Logging and Error Handling¶
All executor classes use the Python logging
module to log different stages of job submission, execution, and monitoring. Logging levels like INFO
, ERROR
, and WARNING
are used to provide information on job progress and errors. Executors also make use of exception handling to raise RuntimeError
when job submission or execution fails.
Notes¶
- The job script generation is handled by the
build_job_script()
function, which is customised per executor but is based on the implementation fromBaseExecutor
. - Job monitoring and benchmark data collection are placeholder implementations in some of the executors.
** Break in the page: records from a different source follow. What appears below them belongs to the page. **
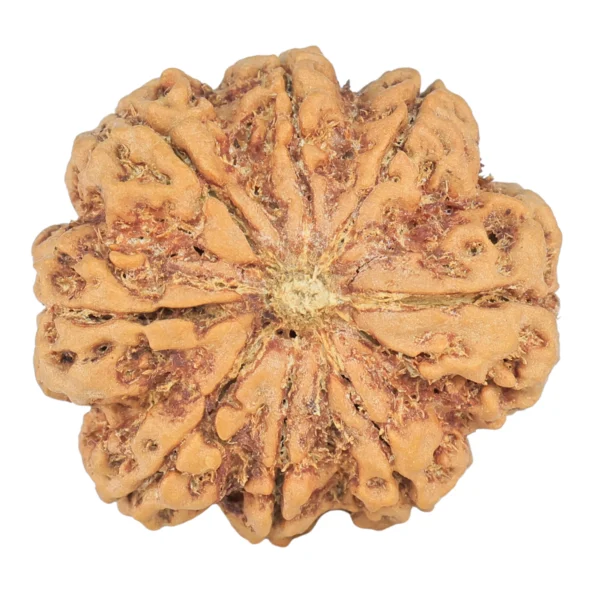 8 Mukhi Rudraksha 29.7mm 7.77gm - Rudraksha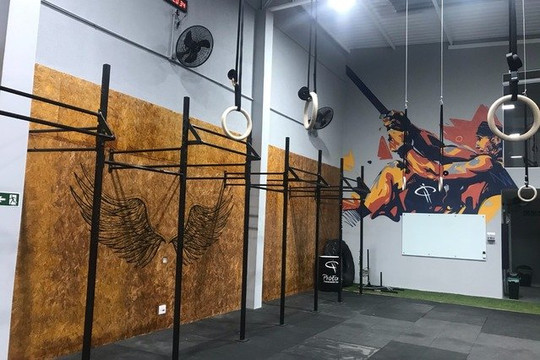 Imagem 3 da galeria do parceiro Proform's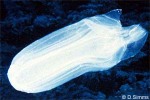 Enlarged Image of 'Carybdea alata cf.'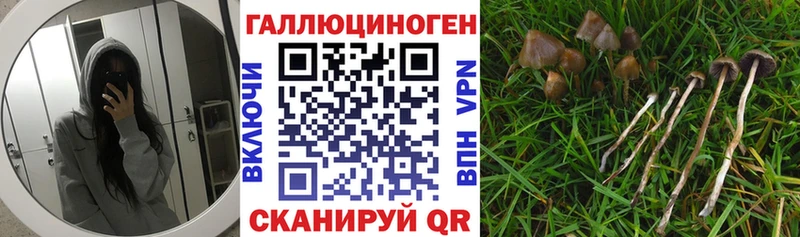 Псилоцибиновые грибы мухоморы  Малаховка 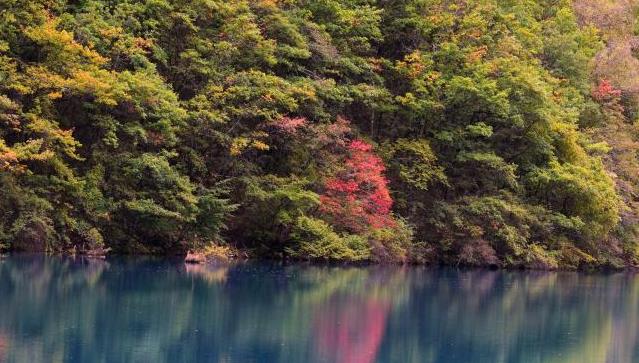 九寨沟秋景如画引游人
Users should consider implementing job-specific monitoring and resource management tailored to their requirements.
Summary¶
The executor classes provide a modular way to submit jobs to different cluster systems or run them locally. Each executor manages the nuances of the corresponding cluster scheduler, allowing seamless integration with cgatcore pipelines. They provide functionalities such as job submission, logging, monitoring, and benchmarking, ensuring a streamlined and customisable workflow for distributed computing environments.